Dr. Ritter claims a property interest in continued staff privileges for the duration of his annual appointment. A due process property interest exists "if there are such rules or mutually explicit understandings that support [an individual's] claim of entitlement to the benefit and that he may invoke at a hearing." Perry v. Sindermann, 408 U.S. 593, 601, 33 L. Ed. 2d 570, 92 S. Ct. 2694 (1972); see Board of Regents v. Roth, 408 U.S. 564, 577-78, 33 L. Ed. 2d 548, 92 S. Ct. 2701 (1972); Perry, at 602 (no property interest unless there is a "legitimate claim of entitlement"). Respondent does not have a constitutional right to practice in a public hospital simply because he is a licensed physician. Hayman v. Galveston, 273 U.S. 414, 416-17, 71 L. Ed. 714, 47 S. Ct. 363 (1927); cf. Rao v. Board of County Comm'rs, 80 Wn.2d 695, 699, 497 P.2d 591, cert. denied, 409 U.S. 1017, 34 L. Ed. 2d 309, 93 S. Ct. 436 (1972). A property interest could rest on a contractual basis, however, either express or implied. See Lynch v. United States, 292 U.S. 571, 579, 78 L. Ed. 1434, 54 S. Ct. 840 (1934); Roth, at 577 ("clearly implied promise of continued employment" is a property interest). The trial court made a legal conclusion that respondent's 1-year staff appointment constituted an "implied contract," and thus a property interest. This legal conclusion is unsupported either by the trial court's findings of fact or any other part of the record. Neither has respondent shown that he received any representations of "tenure." He appears to have had no more than a subjective expectancy of continued Hospital privileges. See Kyles v. Eastern Neb. Human Servs. Agency, 632 F.2d 57, 60 (8th Cir. 1980) (no property interest where public employee did not show that any understandings of tenure were fostered by his employer); Smith v. Greene, supra at 367 ("subjective expectancy" of tenure not entitled to due process protection). Although Ritter could assume he would remain a member of the Hospital staff absent cause for dismissal, and he was protected by extensive procedural protections established by the medical staff bylaws, he did not have a *510property interest in staff privileges at Ritzville Memorial Hospital. Suckle v. Madison Gen. Hosp., 499 F.2d 1364, 1365-66 (7th Cir. 1974).

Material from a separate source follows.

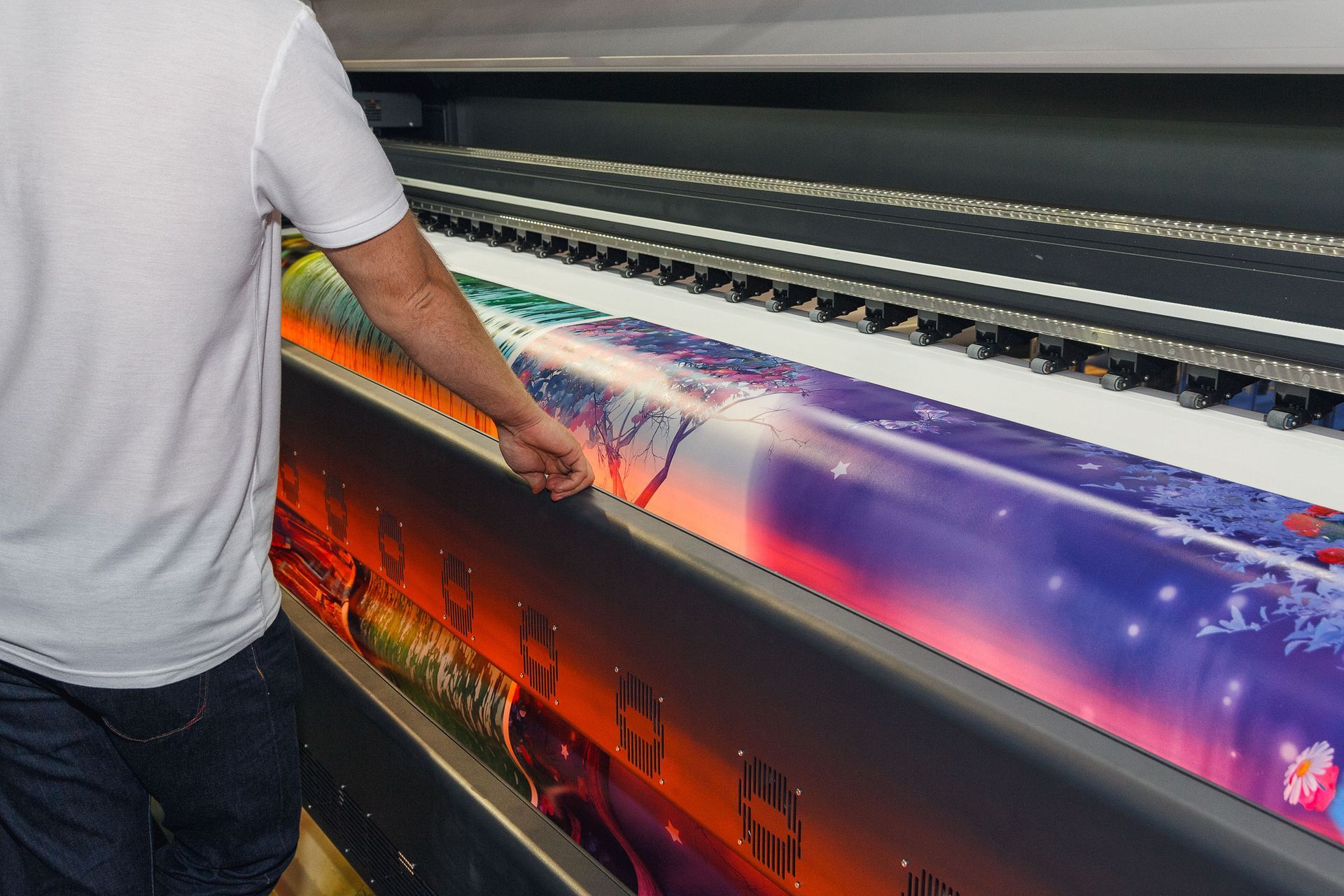 A person operates a large-format digital printer, guiding a vibrant, colorful printed graphic through the machine.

Dr. Ritter claims that his "liberty" interests were triggered by both (1) his preclusion from practice at the Ritzville Hospital and (2) the derogation of his good name and reputation in the community and among his peers. See generally Giles v. Department of Social & Health Servs., 90 Wn.2d 457, 461, 583 P.2d 1213 (1978) ("liberty" interest implicated for employment discharge if [1] government imposes a stigma and thereby forecloses the employee's freedom to obtain other employment or [2] dismisses an employee on grounds that call into question his integrity, honor, or good name in the community); Department of Health & Social Servs. v. State Personnel Bd., 84 Wis. 2d 675, 687, 267 N.W.2d 644 (1978).

In Giles we held that a constitutionally protected "liberty" interest based on foreclosure of employment opportunities was not implicated where a discharged state employee's license was not revoked and "he was not prohibited from working in his chosen field." Giles, at 461; see State ex rel. Swartout v. Civil Serv. Comm'n, 25 Wn. App. 174, 184, 605 P.2d 796, review denied, 93 Wn.2d 1021, cert. denied, 449 U.S. 992, 66 L. Ed. 2d 288, 101 S. Ct. 527 (1980) (state must take some affirmative action to foreclose employment opportunities). In the present case, Ritter's license was not revoked, nor was he otherwise "prohibited from working in his chosen field." It is undisputed that for a time Ritter continued to operate his clinic, albeit with substantially fewer patients, after his Hospital privileges were suspended. Ritter's employment opportunities were only diminished, not foreclosed, and under Giles' reasoning he was not deprived of a "liberty" interest.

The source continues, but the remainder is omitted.